# Work order
Print the lines that run from the line with "کفش مشکی پاشنه دار شیک" to the line with "Foto-AK Mutter im", keeping both end lines, exactly as they appear in the entries below, and nothing else.

*** Opening Exercise data ***

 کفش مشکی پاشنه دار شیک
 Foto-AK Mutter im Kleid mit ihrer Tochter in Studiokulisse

*** Closing Exercise data ***
*** Opening Exercise data ***

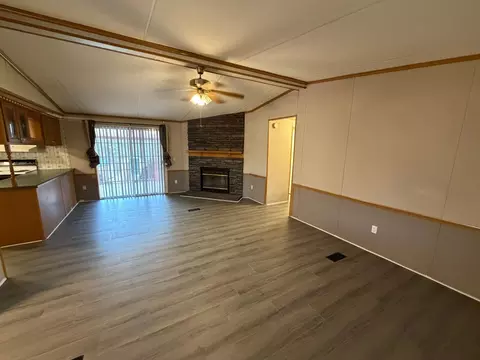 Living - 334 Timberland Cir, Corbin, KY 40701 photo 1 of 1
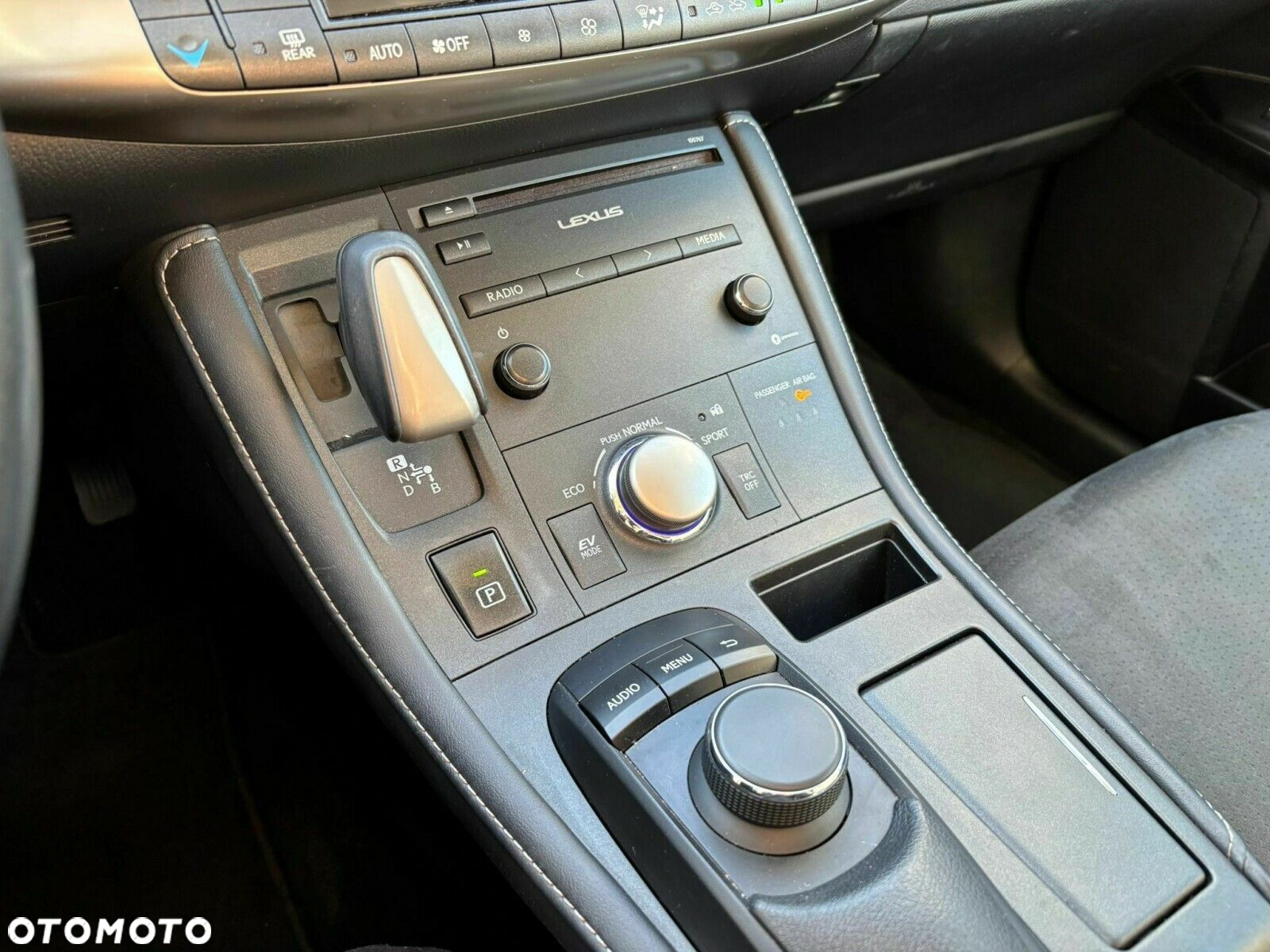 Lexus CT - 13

*** Closing Exercise data ***

# Completed exercise
 کفش مشکی پاشنه دار شیک
 Foto-AK Mutter im Kleid mit ihrer Tochter in Studiokulisse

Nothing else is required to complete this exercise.